"always passes by reference"

Greg Weeks weeks at golden.dtc.hp.com
Sat Jul 29 20:41:38 EDT 2000


Ulrich Schreiner (ulrich.schreiner at innuendo.de) wrote:
: it is all so easy, so why this big discussion?

: you have ONE and exactly ONE object identity, but you can have multiple
: references to this identity. in your program you always work with
: references.

So you phase it.  I would never talk that way myself, and if someone asked
me to describe what was going on, I would use quite different words, eg:
Each object is the address of a region of memory -- an address that can be
written to multiple locations.  You prefer to think of the object as a
region of memory [I think], and you define a writing of that memory's
address to be a "reference".  I prefer to think of the object as an
address, and I don't give any special name to a writing of that address.

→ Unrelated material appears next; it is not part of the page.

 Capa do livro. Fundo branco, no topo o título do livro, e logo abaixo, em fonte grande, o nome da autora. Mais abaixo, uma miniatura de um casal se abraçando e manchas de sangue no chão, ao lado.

There is no right or wrong here, but there is also no single correct
description of what is going on.  Some say Python is call-by-reference,
some say Python is call-by-value.  Everyone is correct.


Greg


PS: My motivation for my particular phasing is that I like to view all data
in the computer as patterns of 0s and 1s.  (I find this tidy and easy to
remember.)  An address is a pattern of 0s and 1s.  A block of memory is
not.  So, for me, a datum can be an address, but not a block of memory.